Local firewater #1: Pox

Pronounced: Posh
Made from: Sugarcane
Tastes like: Alcohol
Best served: Mixed with murky fruit juice in a plastic glass to a chattery room full of confused, sniffing men dressed like Dave Lister. Add deafening reggaeton music to taste.


I've been greatly inspired by this list of regional alcoholic drinks.

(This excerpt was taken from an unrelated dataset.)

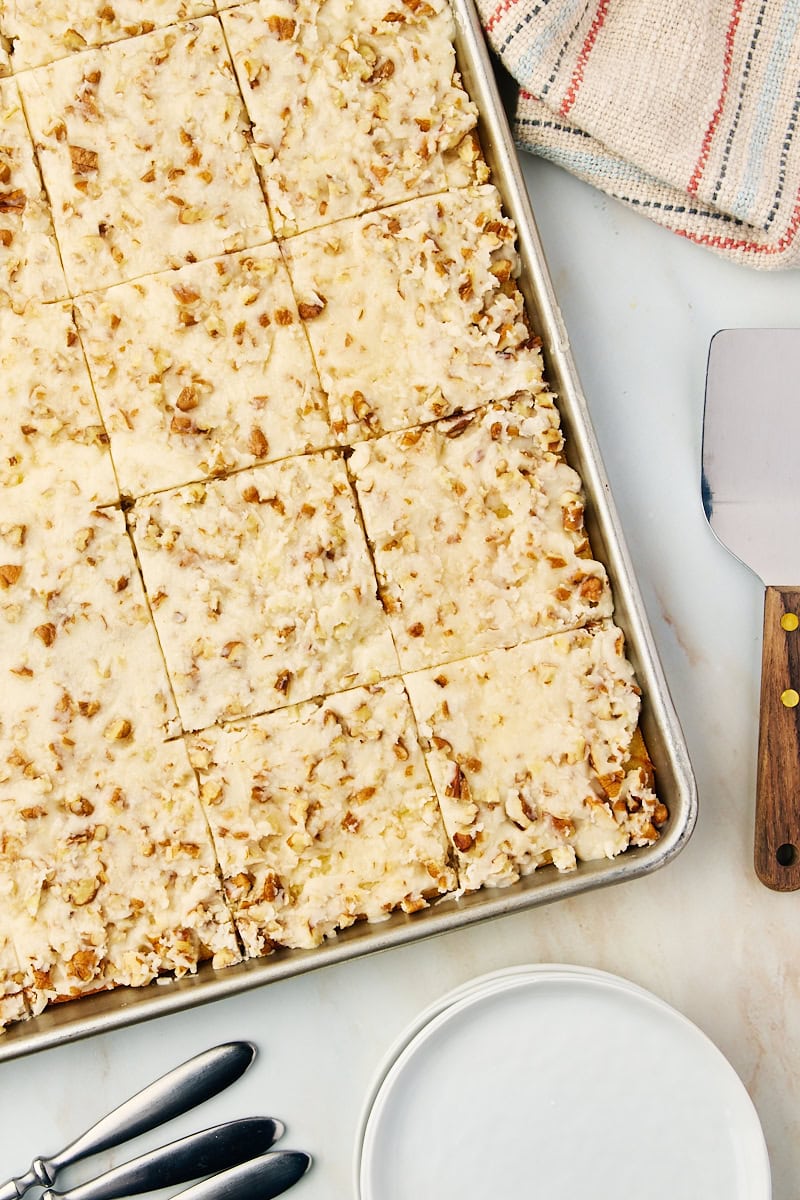 overhead view of sliced white Texas sheet cake in a sheet pan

I'm treating it as something of a to-do list for the next few months.

Upcoming highlights could include:
chorreado: in Mexico State, Morelos and Guerrero, a mixture of whiskey, milk, chocolate, sugar, and, sometimes, egg

huazamoteco: in Durango, alcohol diluted with water, with tequila

torito: dozens of recipes; in Mexico State, it is often tequila or rum mixed with orange juice, vinegar, onion and chili pepper; in Guerrero, mescal cured with vinegar, green chili pepper, onion, tomato, and cheese; in Veracruz, rum with fruits, such as guava, mamey, limon and peanuts, mixed with condensed milk, regular milk, and ice.

Readers connected to the sponsorship departments at Rennies, Tums, Alka-selzter or Pepto-bismol should note that my email address remains at the top of the page. Lets talk.

The list is from the Mexican Mercados website, an idiosyncratic guide to the markets of Mexico. I particularly like their taxonomy of fruit: small, roundish, yellow fruits; baseball-sized fruits and Misc. large fruits which has so far proven very useful.